A new methodological approach to assess the stability of discontinuous rocky cliffs using in-situ surveys supported by UAV-based techniques and 3-D finite element model: a case study

• Published in: Engineering geology Vol. 260; p. 105205
• Main Authors: Fazio, N.L., Perrotti, M., Andriani, G.F., Mancini, F., Rossi, P., Castagnetti, C., Lollino, P.
• Format: Journal Article
• Language: English
• Published: Elsevier B.V 03.10.2019
• Subjects: Finite element model; Geomechanical survey; Geostructural setting; Sea cliff; Slope stability; UAV survey; Slope stability; Geostructural setting; UAV survey; Finite element model; Sea cliff; Geomechanical survey
• ISSN: 0013-7952; 1872-6917
• DOI: 10.1016/j.enggeo.2019.105205

This paper aims to present a new methodological approach for the stability assessment of coastal cliffs constituted of discontinuous rock masses. The method entails in situ specific geostructural and geomechanical surveys, three-dimensional UAV-based Photogrammetric structural models, laboratory geotechnical tests and, two- and three-dimensional finite element analysis (FEM). The application of the method to a case study is then presented and discussed; it regards a 600 m long sea rocky cliff located at Sant'Andrea (Melendugno, South of Apulia, SE Italy) and faced to the southern Adriatic Sea.
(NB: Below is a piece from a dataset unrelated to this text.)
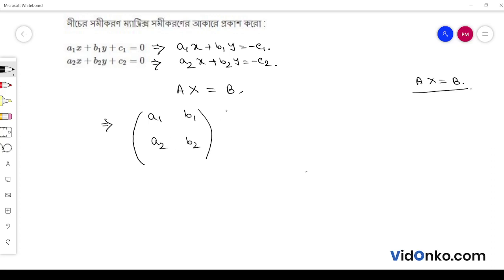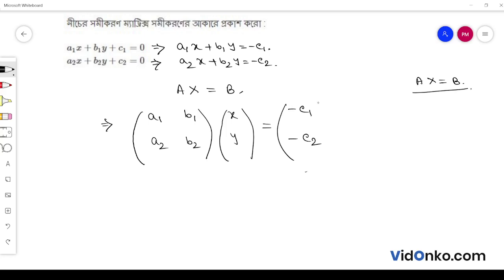The x matrix is equal to x, y. And the B matrix is equal to minus c1, minus c2.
Here the cliff is made up of an about 15 m-thick sequence of laminate calcisiltites alternate with bioturbated calcarenites belonging to the Uggiano la Chiesa Fm. (Middle-Upper Pliocene). The structural discontinuities detected with photogrammetry techniques were compared and validated with those derived from conventional in situ survey methods. Later on, the paper discusses assumptions and results of two- and three-dimensional finite element models developed to investigate the potential failure mechanisms of the sea cliff accounting for pre-existing weak planes or discontinuities with unfavourable orientation. The failure mechanisms obtained by both FEM analysis agree well with those typically observed in the study area. •Detailed 3-D geometrical survey of the cliff with UAV-based photogrammetry techniques;•Automatic detection of the most relevant fractures and joints from UAV surveys;•Geological, geostructural and geomorphological analysis of the cliff by means of in-situ surveys;•Detailed geotechnical characterization in the laboratory of the rock;•Failure mechanisms obtained with FEM analysis consistent with those typically observed in the study area;